Des conditions programmatiques proposées par Vickie Langhor pour que s'amorcent des processus viables d'ouverture politique en pays musulman.
Du bilan pessimiste dressé par Mohamed Talbi sur tous les pays de la région sans exception.
Pour les spécialistes de la région, par contre, l'ouvrage n'apporte rien de très substantiel : ni dans la chronique des régimes politiques observés, ni dans le développement théorique en matière de politique comparée.
Parmi les faiblesses théoriques de l'ouvrage, notons les termes de démocratie et de libéralisation qui semblent varier d'un auteur à l'autre et l'absence totale de cadre méthodologique pouvant intégrer les opinions des différents contributeurs.
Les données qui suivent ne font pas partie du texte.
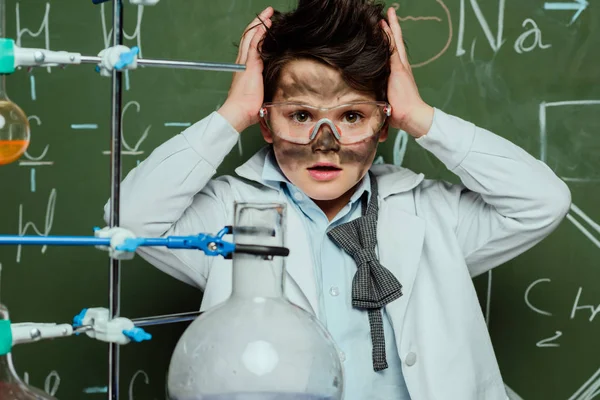 Choqué garçon en blouse de laboratoire — Photo de stock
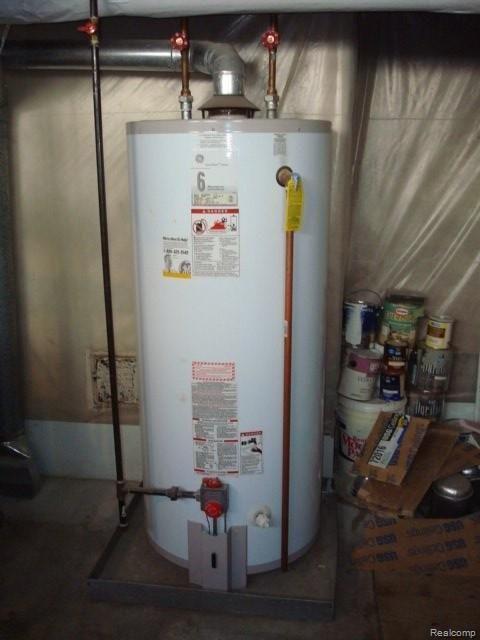 185 Cherokee Road Pontiac, MI 48341 - Photo 10 of 22 75 GAL WATER HEATER
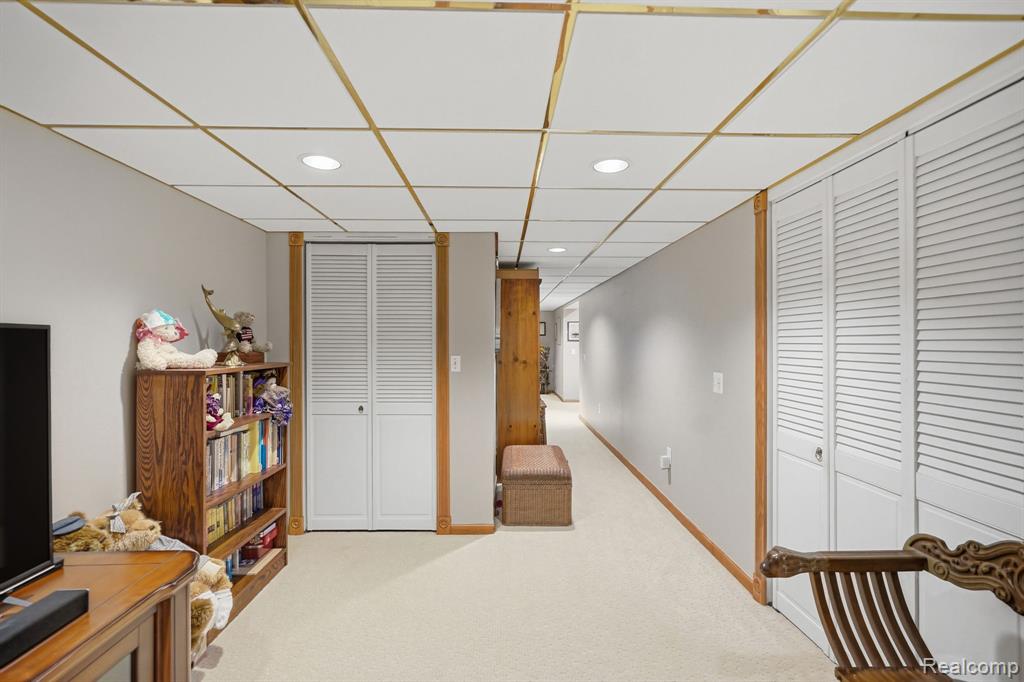 42626 Christina Drive, Sterling Heights, MI 48313 — Photo 48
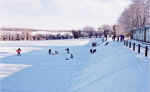 Children in snow.jpg (382064 bytes)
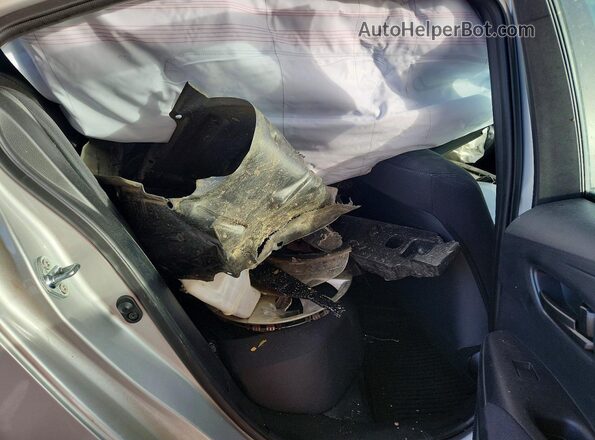 5YFB4MDE2SP358252 2025 TOYOTA COROLLA Silver Հետևի նստատեղերի տեսք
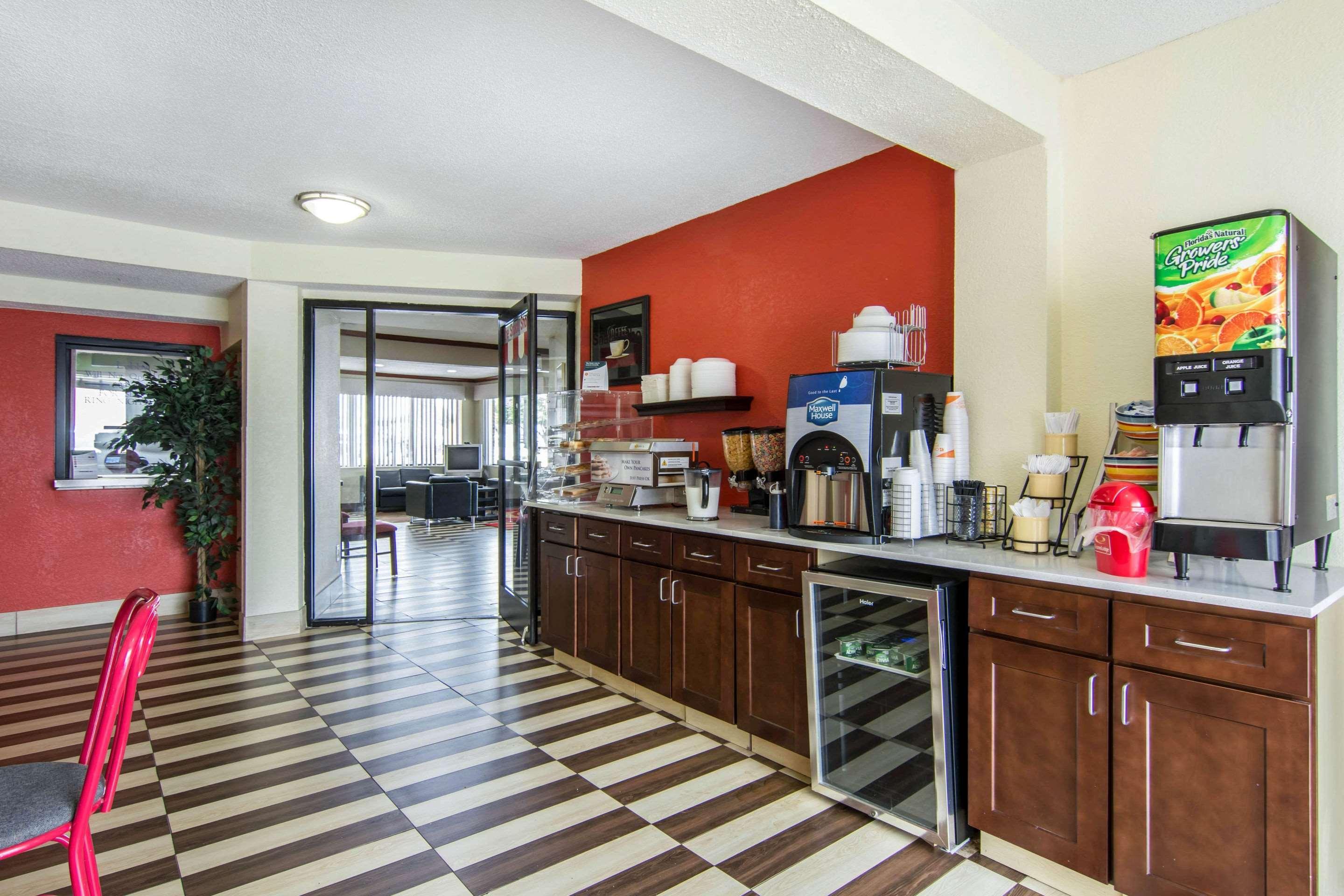 Econo Lodge Weldon - Roanoke Rapids Eksteriør bilde
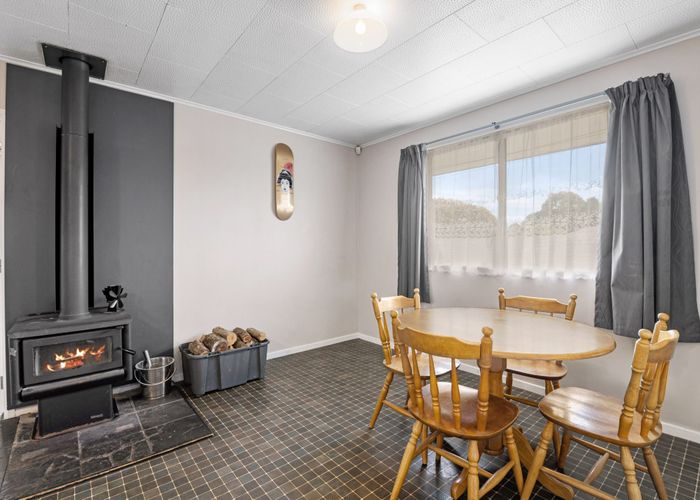  at 37 Barnard Road, Fairy Springs, Rotorua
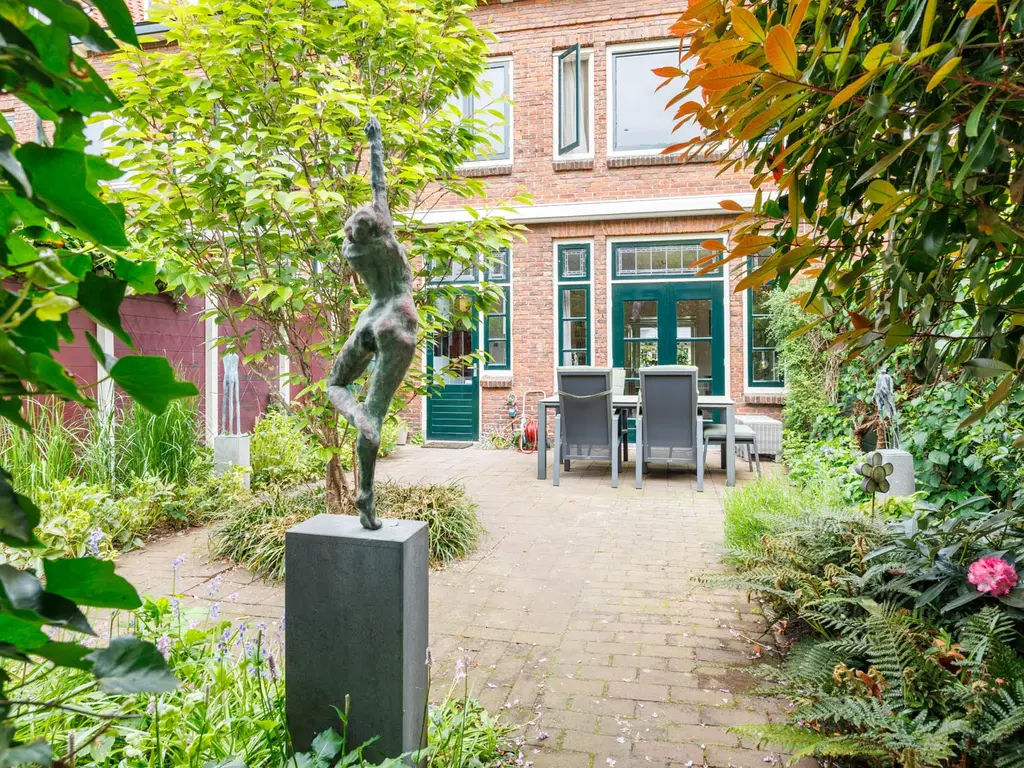 Lorentzkade 11, Leiden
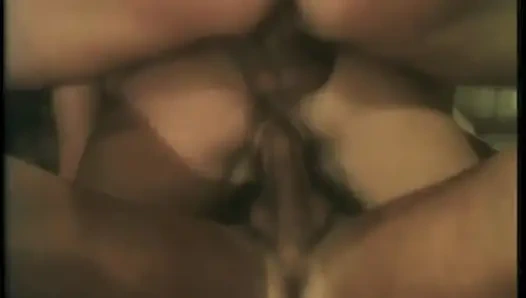 Hevesli Bebek Pozzi için Irklararası Bir Çete Saçmalığı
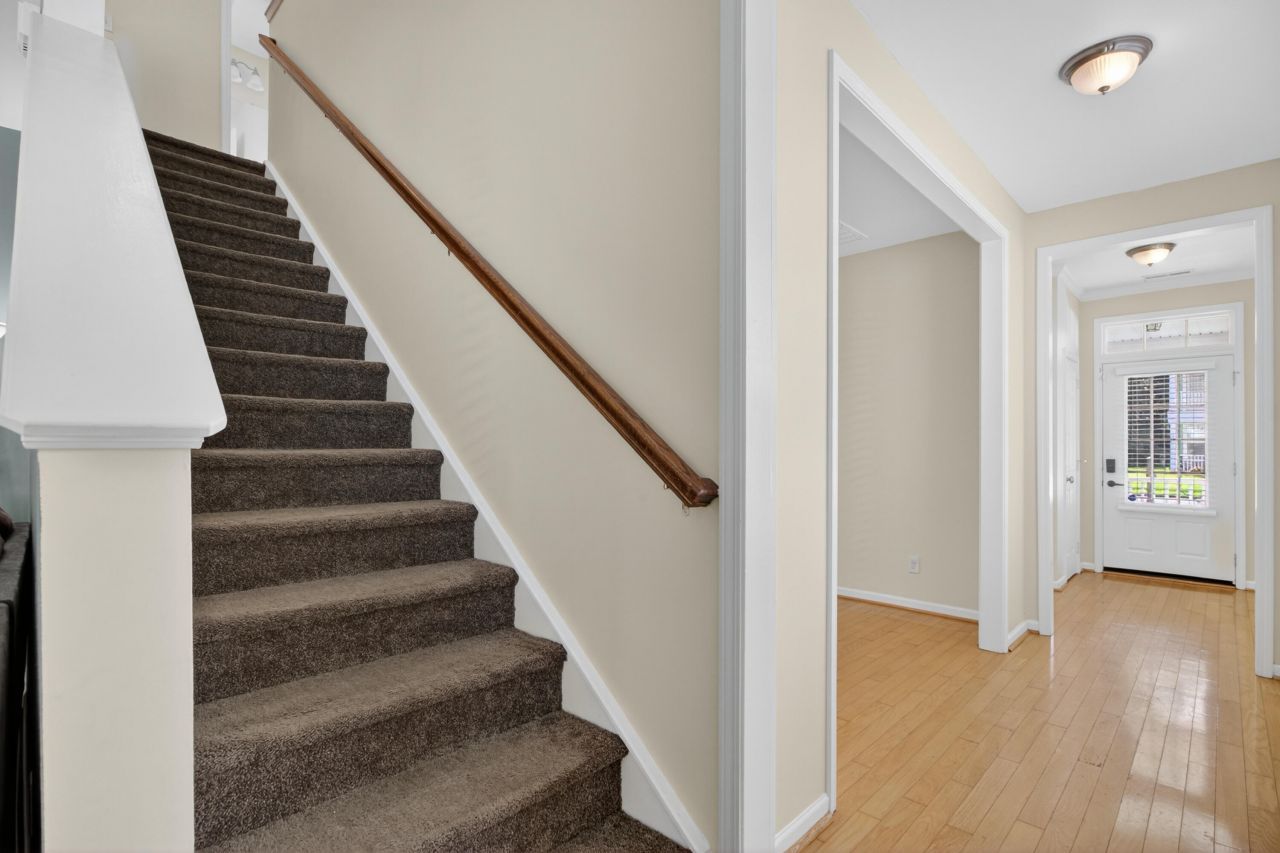 124 Diploma Drive Photo 20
Par contraste avec la qualité de certains des essais, plusieurs autres recourent trop facilement à des clichés simplificateurs du genre « pas de démocratie sans développement au préalable » ou de « la guerre sans merci des islamistes contre les civils en Algérie ». Certains encore appuient sans réserve la vision fataliste des cycles élaborée par Ibn Khaldoun. Plusieurs négligent d'étayer leurs thèses par un minimum de références empiriques ou développent insuffisamment leurs concepts. De la sorte, la lecture de l'ouvrage laissera au lecteur une impression de confusion.
En somme, à cause des faiblesses théoriques de l'ouvrage et de son manque d'unité, le double objectif que se fixaient au départ les directeurs de la publication n'est pas atteint : une telle collection d'essais pourrait certes contribuer à expliquer la résistance qu'offre la région observée au développement de la démocratie et à démontrer le besoin urgent d'adapter les cadres théoriques et analytiques aux particularités de cette région. Toutefois, tant l'explication que la démonstration demeurent à construire.